The team is always looking for ways to innovate our infra to meet the growing demand and efficiency of our services, and as a part of the product releases, made some key updates to our platform. We wanted to share so others could gain value in their efforts as well as celebrate this critical group for us. Next time you talk to your infra team, give them some love, they do so much!

Infrastructure Enhancements: Moving Forward with EKS and GitOps

Our Infra team has recently completed significant updates to further improve our services:

1. Migration from ECS to EKS: To streamline our operations, we have transitioned from AWS Elastic Container Service (ECS) to Elastic Kubernetes Service (EKS). This move simplifies our operational framework by unifying it on a single platform (EKS), significantly reducing the need to manage and monitor multiple platforms. This change also enhanced our security. In Kubernetes, we now manage our security with policies and roles and the automated Kubernetes control plane security provides the services that make Kubernetes work.

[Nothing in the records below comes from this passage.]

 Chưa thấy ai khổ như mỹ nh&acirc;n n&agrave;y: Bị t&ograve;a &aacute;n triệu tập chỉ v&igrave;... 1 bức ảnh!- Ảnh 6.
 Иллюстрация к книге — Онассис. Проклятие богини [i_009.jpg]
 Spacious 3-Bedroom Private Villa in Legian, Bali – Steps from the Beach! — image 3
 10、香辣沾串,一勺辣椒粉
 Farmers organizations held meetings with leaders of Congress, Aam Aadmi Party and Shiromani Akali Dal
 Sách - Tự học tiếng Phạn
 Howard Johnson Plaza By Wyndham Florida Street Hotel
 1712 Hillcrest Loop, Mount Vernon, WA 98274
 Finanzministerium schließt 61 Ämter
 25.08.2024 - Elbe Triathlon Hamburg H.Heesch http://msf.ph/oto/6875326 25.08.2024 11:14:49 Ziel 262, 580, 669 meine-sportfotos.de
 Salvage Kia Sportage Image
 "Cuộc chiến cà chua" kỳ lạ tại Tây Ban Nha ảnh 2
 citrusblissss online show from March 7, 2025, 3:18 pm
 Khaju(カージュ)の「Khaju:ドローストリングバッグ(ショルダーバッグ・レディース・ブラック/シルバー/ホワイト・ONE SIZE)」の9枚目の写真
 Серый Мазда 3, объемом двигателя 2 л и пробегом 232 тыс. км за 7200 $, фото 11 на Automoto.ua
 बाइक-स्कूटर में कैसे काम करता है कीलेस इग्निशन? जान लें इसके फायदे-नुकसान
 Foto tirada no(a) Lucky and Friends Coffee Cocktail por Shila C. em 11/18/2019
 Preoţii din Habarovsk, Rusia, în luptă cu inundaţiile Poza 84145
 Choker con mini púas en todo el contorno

2. Pipeline Enhancements: Our deployment processes have been upgraded for efficiency and reliability. The integration of GitOps and GitHub Actions play a pivotal role in these improvements:
Single Source of Truth: Both infrastructure and application configurations now have a centralized, standardized management system. This approach ensures consistency and reliability in our deployment processes.
Enhanced Collaboration and Automation: The adoption of GitOps allows for smoother collaboration and automation, making it easier to deploy changes rapidly and efficiently.
Declarative Configuration: Our configuration is designed to be easily readable and understandable, facilitating quick and accurate deployments.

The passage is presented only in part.